Je termine cette sortie en me rendant à Asco, par une route tracée en 1937 afin de désenclaver ce village de montagne isolé à 600 mètres d'altitude et situé au pied des grands sommets de l'île comme le mont Cinto ou le mont Padro. Pour m'y rendre, je traverserai de superbes paysages (ci-dessous) avec, en contrebas la rivière Asco. Les gorges qui démarrent sous le village forment un long défilé, un ravin désolé de près de quatre kilomètres, complètement sauvage et désertique, avec son corridor de roches de granit rouge, de rocaille et de caillasse.

Le village, lui, date du 11è siècle et restera enclavé jusqu'au 20è. Une première route sera construite en 1937, suivie de la route des gorges qui ne verra le jour qu'en 1968. Les habitants prirent ainsi l'habitude de vivre en autarcie en développant notamment une culture céréalière et un artisanat de type utilitaire leur permettant d'atteindre l'autosuffisance. Et d'élire un sage qui veillait jadis au respect des règles de solidarité et d'égalité. Une forme de démocratie primitive.

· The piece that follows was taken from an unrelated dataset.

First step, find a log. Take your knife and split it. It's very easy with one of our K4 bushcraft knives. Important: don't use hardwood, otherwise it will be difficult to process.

Si vous disposez de temps, descendez vers le pont génois local accroché à des rochers en contrebas depuis le 15è siècle. Celui-ci marque la voie qui reliait autrefois Asco au Niolo.

 

INFOS PRATIQUES :

  • A Ponte-Leccia, le pont génois se trouve au niveau d'un rond-point proche d'une station-service. Un parking est accessible sur votre droite et face à cette station, lorsque vous venez de Corte. Quant au site de la mairie, il est commun aux deux communes Ponte-Leccia et Morosaglia :http://www.morosaglia.corsica/fr/
  • Chapelle romane Saint Thomas : accès par la D15A (entre Ponte Novu et Castello di Rostino) via une petite route mentionnant sur un panneau CC Clla Santumasgio. En cas de fermeture de la chapelle, s'adresser à la mairie au 04 95 38 70 34 ou au 06 88 89 10 53. Aller jusqu'à la fin de cette route et la chapelle se trouve à l'intérieur d'un petit cimetière.

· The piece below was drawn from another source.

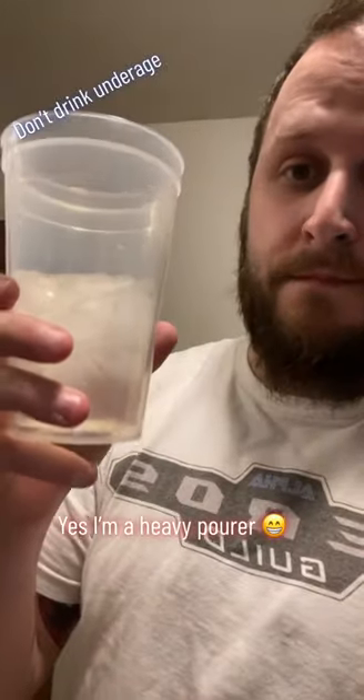Yes, I'm a heavy pourer! Let's mix the liquors all together. And we're gonna top this with Squirt and one of Mike's Hard's drinks. So we're gonna use Mike's Hard Lemonade, their Freeze Edition Pink, and we're just gonna put some of this in there, and then top it off with Squirt, so watch out.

  • Boulangerie A Memoria, à Ponte Novu, ouverte tous les jours de 6h30 à 19h30. L'exposition Pascal Paoli se trouve dans une salle adjacente à la boutique. Daniel Casanova (l'époux de la boulangère) est guide conférencier et propose aux touristes des visites historiques autour de Pascal Paoli (Tél : 06 72 81 18 56 et david.casanova@orange.fr)

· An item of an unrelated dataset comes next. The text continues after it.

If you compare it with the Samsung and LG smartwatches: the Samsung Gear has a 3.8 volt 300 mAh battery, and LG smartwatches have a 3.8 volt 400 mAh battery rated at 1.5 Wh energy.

  • Le village imaginaire Carriolu est visible à l'extrémité du pont routier, sur la gauche (lorsqu'on arrive de Ponte-Leccia).

  • Miellerie d'Asco, 1 rue Poggiola, à Asco. Tél : 06 47 50 06 71. Tous les jours du 1er avril au 15 octobre de 8h00 à 19h00 (http://www.miel-corse-asco-guidoni.net/)

  • Le Petit Restaurant de la Miellerie, 1, rue Poggiola, à Asco. Tél : 06 08 68 55 95. Ouvert tous les jours, du 1er avril au 30 septembre, de 8h00 à 19h30.